Top reviews from other countries
And then, the bouncing ball of this second hand grasp of network theory is thrown onto the trampoline of his historical erudition. Gosh, it's a big trampoline and the results are just as random as that image suggests. So it's quite fun in a sporadic 'oh, that's interesting' kind of way but don't expect coherence.
I agree with these words from the Salisbury Review " At the end of this book, which is less than the sum of its parts, one is not quite sure of what is being said or why"
For my job I end up attending quite a few business seminars, which usually involve a strong central concept illustrated through lots of case studies (there seems to be a limited set of ideas that get presented in new vocabulary each time). This book was like one of those seminars. A clear central premiss dominating the coverage of a series of test cases. As with these things the strong idea and the rush of case studies creates a convincing impression that fades over time because it is too simplistic and the case studies turn out to have been a bit cooked.

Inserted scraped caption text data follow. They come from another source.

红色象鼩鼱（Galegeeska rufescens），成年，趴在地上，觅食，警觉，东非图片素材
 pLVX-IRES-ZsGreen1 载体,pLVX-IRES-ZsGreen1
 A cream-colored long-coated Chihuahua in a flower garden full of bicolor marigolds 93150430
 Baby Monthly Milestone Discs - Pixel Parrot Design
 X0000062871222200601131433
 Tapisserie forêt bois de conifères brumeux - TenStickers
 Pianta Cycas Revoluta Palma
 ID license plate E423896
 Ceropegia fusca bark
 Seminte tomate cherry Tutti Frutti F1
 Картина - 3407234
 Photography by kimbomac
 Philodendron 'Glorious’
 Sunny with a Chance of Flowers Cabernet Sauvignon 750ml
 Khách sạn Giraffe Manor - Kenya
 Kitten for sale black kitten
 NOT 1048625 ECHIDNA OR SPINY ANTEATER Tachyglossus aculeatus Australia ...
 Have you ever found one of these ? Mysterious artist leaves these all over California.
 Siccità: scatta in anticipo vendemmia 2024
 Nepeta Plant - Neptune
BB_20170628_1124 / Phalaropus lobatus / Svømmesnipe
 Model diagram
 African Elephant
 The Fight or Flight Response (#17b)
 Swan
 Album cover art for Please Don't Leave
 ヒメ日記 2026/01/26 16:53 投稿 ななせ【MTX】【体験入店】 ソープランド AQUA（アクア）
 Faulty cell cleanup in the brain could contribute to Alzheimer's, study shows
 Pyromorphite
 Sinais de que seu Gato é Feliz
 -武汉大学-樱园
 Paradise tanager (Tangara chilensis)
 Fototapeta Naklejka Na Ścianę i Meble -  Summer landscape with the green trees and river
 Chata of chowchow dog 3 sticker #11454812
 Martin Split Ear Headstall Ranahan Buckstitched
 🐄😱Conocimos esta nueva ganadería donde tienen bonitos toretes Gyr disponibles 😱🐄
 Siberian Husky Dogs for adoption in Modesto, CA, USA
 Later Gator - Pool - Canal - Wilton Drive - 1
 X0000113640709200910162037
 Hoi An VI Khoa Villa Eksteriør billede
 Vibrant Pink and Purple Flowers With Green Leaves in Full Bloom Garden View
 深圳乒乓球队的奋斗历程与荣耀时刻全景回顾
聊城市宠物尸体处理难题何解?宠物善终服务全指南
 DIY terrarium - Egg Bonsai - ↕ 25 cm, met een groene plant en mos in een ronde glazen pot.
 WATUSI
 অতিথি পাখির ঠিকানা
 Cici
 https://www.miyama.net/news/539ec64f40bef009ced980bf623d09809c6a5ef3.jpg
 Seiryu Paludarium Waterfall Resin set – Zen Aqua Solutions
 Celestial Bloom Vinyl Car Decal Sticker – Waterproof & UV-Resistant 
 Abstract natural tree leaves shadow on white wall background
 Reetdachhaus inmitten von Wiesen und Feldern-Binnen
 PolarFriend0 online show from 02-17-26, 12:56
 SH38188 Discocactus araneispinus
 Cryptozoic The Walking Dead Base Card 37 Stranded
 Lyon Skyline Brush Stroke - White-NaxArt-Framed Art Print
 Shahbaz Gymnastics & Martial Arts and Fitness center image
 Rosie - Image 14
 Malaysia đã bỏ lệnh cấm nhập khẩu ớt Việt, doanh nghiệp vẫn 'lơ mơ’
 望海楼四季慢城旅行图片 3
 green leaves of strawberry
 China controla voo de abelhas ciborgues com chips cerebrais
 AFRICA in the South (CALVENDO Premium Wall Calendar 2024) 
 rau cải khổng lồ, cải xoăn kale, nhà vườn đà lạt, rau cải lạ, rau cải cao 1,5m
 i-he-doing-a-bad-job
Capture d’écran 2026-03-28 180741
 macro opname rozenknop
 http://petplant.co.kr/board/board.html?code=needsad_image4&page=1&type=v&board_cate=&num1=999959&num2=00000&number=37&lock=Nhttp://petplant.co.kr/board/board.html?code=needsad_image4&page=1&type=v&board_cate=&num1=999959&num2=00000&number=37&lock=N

The chapters were good, but perhaps they could have been thinned out and the remaining ones filled in a bit more? In previous books the author has bundled essays together, but the big topics tended to make this feel 'natural'. 'Empire' is a diverse collection of historical events, 'The degeneration of institutions' was broken down to 6 'killer apps' and his histories of complex wars or the ascent of money (&c) all break down into a series of separate scenes. He always balanced the detail with the big story. Here, the balance goes wrong. I wanted more detail on the parts and found the big overall idea to be just an idea. I wanted to like it - the 'elevator pitch' was good.
The title is indicative of how the world works (whirring nonsense and here say - and heresy)) that “catches on damn quick’. This book was read by me in 2 days; amazingly quickly for a quasi self improvement / biz book - GREAT.